A bordo de un Dodge Dart negro con bandera franquista viaja Adolfo Suárez. Es julio de 1976 y acaba de ser ungido por el rey Juan Carlos como presidente del Gobierno. Tiene el poder teórico pero se mueve entre dos mundos enfrentados.
Por un lado, el bunker. Le ven demasiado joven pero confían en que no les traicione. Por otro lado, la sociedad española, a quien un falangista de presidente le sabe a lo de siempre. Con el tiempo, todos comprenderán sus errores de apreciación.
Torcuato Fernández de Miranda anuncia el debate de la primera gran apuesta de Suárez: La Ley de la Reforma política.
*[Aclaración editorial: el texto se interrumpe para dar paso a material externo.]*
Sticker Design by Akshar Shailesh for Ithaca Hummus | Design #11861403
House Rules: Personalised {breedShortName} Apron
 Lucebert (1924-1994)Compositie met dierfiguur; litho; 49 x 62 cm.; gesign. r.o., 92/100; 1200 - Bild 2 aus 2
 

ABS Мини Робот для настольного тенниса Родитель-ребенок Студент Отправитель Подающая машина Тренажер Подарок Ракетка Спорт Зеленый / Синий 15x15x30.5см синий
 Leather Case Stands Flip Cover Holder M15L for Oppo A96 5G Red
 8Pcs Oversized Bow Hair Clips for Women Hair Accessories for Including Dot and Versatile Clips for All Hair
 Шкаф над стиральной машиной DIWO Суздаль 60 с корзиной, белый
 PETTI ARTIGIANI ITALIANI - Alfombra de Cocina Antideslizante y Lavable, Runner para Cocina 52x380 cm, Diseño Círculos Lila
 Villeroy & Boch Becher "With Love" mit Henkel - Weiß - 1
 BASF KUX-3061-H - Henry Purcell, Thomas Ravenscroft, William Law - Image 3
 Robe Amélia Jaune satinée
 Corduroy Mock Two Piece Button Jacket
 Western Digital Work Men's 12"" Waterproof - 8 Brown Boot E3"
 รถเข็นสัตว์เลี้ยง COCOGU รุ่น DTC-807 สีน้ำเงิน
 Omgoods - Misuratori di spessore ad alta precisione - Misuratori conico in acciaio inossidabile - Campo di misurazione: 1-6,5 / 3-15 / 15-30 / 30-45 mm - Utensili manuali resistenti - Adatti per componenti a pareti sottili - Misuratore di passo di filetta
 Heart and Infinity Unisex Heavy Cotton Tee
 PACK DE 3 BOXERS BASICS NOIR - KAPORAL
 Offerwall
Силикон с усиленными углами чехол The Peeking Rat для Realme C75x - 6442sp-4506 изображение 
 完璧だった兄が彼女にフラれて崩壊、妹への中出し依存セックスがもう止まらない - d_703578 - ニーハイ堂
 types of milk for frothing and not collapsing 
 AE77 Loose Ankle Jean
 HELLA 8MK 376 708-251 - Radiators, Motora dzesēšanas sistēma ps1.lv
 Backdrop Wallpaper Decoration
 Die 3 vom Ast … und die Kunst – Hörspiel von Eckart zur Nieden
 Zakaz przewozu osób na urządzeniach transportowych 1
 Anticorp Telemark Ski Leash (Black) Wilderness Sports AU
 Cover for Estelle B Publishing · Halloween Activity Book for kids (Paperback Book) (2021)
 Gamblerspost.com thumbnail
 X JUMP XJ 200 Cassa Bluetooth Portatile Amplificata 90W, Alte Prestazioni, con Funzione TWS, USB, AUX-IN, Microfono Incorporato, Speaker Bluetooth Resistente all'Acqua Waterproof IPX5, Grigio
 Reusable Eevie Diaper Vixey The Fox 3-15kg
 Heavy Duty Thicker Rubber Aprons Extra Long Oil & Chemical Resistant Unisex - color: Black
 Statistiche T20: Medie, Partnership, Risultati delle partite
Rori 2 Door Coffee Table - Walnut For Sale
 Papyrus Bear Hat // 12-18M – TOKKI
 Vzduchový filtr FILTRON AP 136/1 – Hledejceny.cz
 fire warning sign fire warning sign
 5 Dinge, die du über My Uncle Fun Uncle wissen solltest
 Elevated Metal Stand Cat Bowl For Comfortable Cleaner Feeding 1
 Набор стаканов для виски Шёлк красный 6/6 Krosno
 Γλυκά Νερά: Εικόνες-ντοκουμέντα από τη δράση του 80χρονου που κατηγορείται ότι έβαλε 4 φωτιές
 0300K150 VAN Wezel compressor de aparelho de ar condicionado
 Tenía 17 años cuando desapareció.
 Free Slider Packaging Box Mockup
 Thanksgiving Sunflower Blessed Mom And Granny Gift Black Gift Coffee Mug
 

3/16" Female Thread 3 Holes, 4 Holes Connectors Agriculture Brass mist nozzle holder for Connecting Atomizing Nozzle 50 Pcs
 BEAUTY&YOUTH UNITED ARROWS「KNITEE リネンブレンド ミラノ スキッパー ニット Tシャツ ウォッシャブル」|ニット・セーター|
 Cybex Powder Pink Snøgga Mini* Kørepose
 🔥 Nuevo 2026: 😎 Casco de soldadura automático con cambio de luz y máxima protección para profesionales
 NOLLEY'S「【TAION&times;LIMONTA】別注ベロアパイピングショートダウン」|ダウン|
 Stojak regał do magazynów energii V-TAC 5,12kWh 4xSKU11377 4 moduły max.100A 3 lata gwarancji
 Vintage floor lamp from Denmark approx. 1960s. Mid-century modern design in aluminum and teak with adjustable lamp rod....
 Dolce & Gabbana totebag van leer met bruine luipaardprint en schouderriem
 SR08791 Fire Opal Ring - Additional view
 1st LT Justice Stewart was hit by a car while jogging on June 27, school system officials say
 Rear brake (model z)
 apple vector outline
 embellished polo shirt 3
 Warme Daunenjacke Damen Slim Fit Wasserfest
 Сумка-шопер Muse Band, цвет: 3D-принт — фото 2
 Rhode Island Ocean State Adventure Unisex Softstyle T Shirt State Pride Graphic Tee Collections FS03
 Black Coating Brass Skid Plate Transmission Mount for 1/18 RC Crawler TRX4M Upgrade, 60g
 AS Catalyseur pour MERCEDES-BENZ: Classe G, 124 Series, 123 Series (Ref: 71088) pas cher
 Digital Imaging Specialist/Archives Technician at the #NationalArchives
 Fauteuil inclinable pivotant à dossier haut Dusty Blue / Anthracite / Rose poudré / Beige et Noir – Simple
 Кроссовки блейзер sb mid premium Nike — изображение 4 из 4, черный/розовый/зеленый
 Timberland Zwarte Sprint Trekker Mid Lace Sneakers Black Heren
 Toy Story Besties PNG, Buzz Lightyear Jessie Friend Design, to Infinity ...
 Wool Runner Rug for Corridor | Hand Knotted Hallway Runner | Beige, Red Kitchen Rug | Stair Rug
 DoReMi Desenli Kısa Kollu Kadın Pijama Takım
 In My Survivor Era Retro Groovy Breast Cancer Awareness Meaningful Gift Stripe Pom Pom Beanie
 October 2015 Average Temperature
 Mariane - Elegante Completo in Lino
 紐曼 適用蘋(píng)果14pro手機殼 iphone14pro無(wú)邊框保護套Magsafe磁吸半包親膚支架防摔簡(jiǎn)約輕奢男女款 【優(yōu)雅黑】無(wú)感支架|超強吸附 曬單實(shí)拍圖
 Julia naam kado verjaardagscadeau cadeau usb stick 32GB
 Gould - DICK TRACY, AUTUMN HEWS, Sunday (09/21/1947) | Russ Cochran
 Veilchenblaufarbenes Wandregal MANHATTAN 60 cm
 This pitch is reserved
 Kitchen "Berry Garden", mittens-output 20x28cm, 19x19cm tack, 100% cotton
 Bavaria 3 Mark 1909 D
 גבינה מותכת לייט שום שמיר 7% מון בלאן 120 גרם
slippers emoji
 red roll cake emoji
En el estrado, Blas Piñar se enciende al dictado de su mano. El voto es nominal, público y en pie.
El resultado de la votación más importante en España desde 1939 se lee en un castellano que aún distingue la pronunciación de la B y la V. Apoyo mayoritario de las cortes franquistas para una ley clave para el desmontaje de la dictadura. Algunos aplauden porque creen que seguirán mandando. Suárez prefiere cerrar los ojos. Es su primera gran victoria.
Un mes después la tele anima a votar en referéndum esa Ley de la Reforma Política. A Suárez le secan el sudor antes de su discurso pidiendo el sí. Tres de cada cuatro españoles vota sí en urnas de madera. En la calle, los GRAPO secuestran, ETA asesina, y la extrema derecha asesina. Pese a todo, España sigue avanzando.
Las cortes aprueban una ley que permite que si te llamas Joan, en el registro civil ponga Joan y no Juan. El presidente prepara el terreno para unas elecciones democráticas pero sabe que para lograrlo todos los partidos deben estar representados.
La España de peineta y mantilla mira embelesada procesiones del viernes santo como esta de Baeza, grabada en ‘Super 8’. Al día siguiente, Suárez pone en marcha su maniobra más arriesgada: El Partido Comunista se legaliza.
Como la voz del locutor, los españoles tiemblan ante la noticia. La ultra derecha señala a Suárez como traidor. El ministro de la Marina dimite. El Ejército hierve. Pero Suárez cuenta a su lado con el hombre encargado de apaciguar a los mandos militares: el teniente general Gutiérrez Mellado.